Analyzing Connection Closed Exception in Spring/JP

2019-01-23 06:00发布

问题:

PROBLEM

I have recently been put in charge of a Java web application with code already written and in place. The app receives moderately high traffic and has peak hours of traffic between 11am to 3pm everyday. The application uses Spring, JPA(Hibernate), MYSQL DB. Spring has been configured to use tomcat jdbc connection pool to make connections to the DB. (Details of configuration at the end of the post)

For the past few days, during the application's peak load hours, the application has been going down due to tomcat going unresponsive to requests. It has required tomcat to be restarted multiple times.

Going through the tomcat catalina.out logs, I noticed a whole lot of

Caused by: java.sql.SQLException: Connection has already been closed.
    at org.apache.tomcat.jdbc.pool.ProxyConnection.invoke(ProxyConnection.java:117)
    at org.apache.tomcat.jdbc.pool.JdbcInterceptor.invoke(JdbcInterceptor.java:109)
    at org.apache.tomcat.jdbc.pool.DisposableConnectionFacade.invoke(DisposableConnectionFacade.java:80)
    at com.sun.proxy.$Proxy28.prepareStatement(Unknown Source)
    at org.hibernate.jdbc.AbstractBatcher.getPreparedStatement(AbstractBatcher.java:505)
    at org.hibernate.jdbc.AbstractBatcher.getPreparedStatement(AbstractBatcher.java:423)
    at org.hibernate.jdbc.AbstractBatcher.prepareQueryStatement(AbstractBatcher.java:139)
    at org.hibernate.loader.Loader.prepareQueryStatement(Loader.java:1547)
    at org.hibernate.loader.Loader.doQuery(Loader.java:673)
    at org.hibernate.loader.Loader.doQueryAndInitializeNonLazyCollections(Loader.java:236)
    at org.hibernate.loader.Loader.loadCollection(Loader.java:1994)
    ... 115 more

These appear frequently just before the crash.

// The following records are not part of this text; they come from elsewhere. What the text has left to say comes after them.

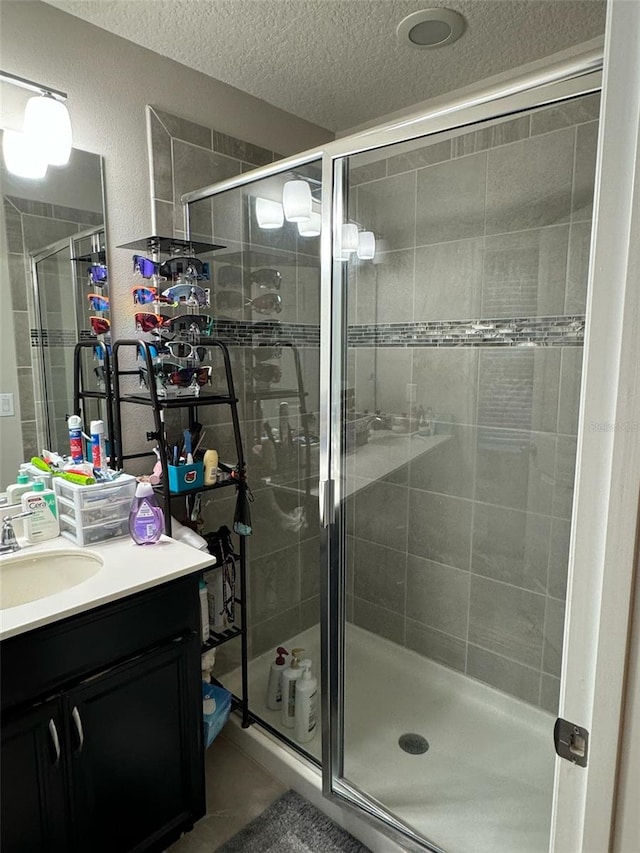 bathroom with vanity, a shower with door, and a textured ceiling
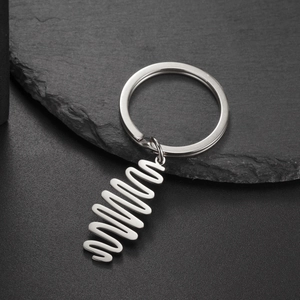 Polished silver stainless steel spiral wavy pendant keychain on a black rock surface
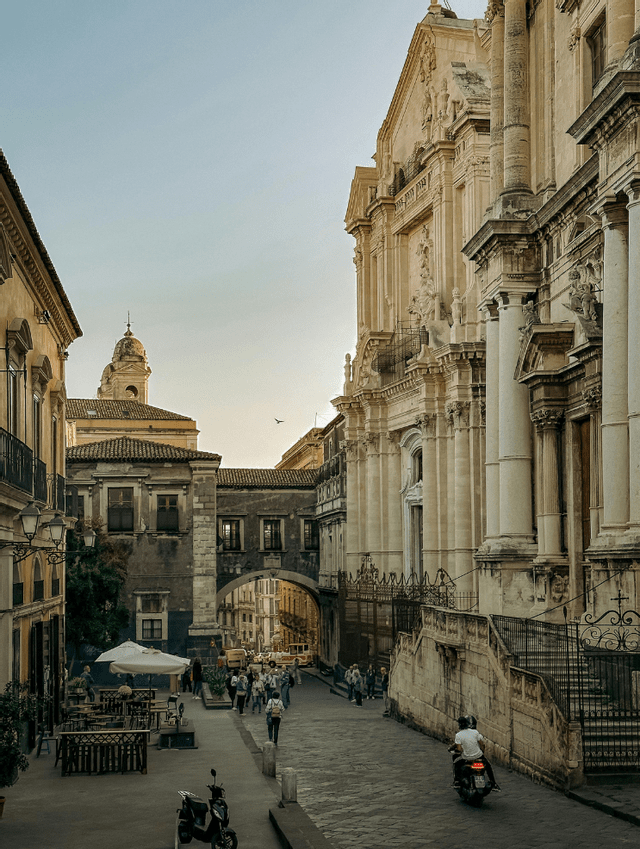 Una strada stretta in una città storica con palazzi ornati, un caffè all'aperto e gente che passeggia.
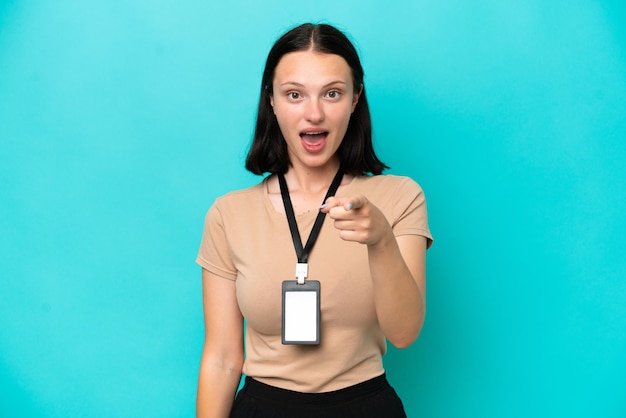 Photo young caucasian woman with id card isolated on blue background surprised and pointing front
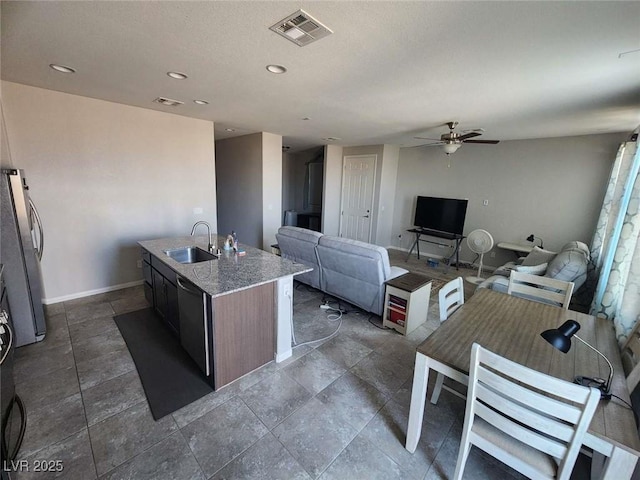 2682 Chinaberry Hill St, Laughlin, NV 89029 - kitchen featuring ceiling fan, appliances with stainless steel finishes, a kitchen island with sink, light stone countertops, and recessed lighting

Going further earlier before these exceptions, I noticed a whole lot of Connections being abandoned just before the Connection Closed exceptions.

WARNING: Connection has been abandoned PooledConnection[com.mysql.jdbc.Connection@543c2ab5]:java.lang.Exception
    at org.apache.tomcat.jdbc.pool.ConnectionPool.getThreadDump(ConnectionPool.java:1065)
    at org.apache.tomcat.jdbc.pool.ConnectionPool.borrowConnection(ConnectionPool.java:782)
    at org.apache.tomcat.jdbc.pool.ConnectionPool.borrowConnection(ConnectionPool.java:618)
    at org.apache.tomcat.jdbc.pool.ConnectionPool.getConnection(ConnectionPool.java:188)
    at org.apache.tomcat.jdbc.pool.DataSourceProxy.getConnection(DataSourceProxy.java:128)
    at org.hibernate.ejb.connection.InjectedDataSourceConnectionProvider.getConnection(InjectedDataSourceConnectionProvider.java:47)
    at org.hibernate.jdbc.ConnectionManager.openConnection(ConnectionManager.java:423)
    at org.hibernate.jdbc.ConnectionManager.getConnection(ConnectionManager.java:144)
    at org.hibernate.jdbc.AbstractBatcher.prepareQueryStatement(AbstractBatcher.java:139)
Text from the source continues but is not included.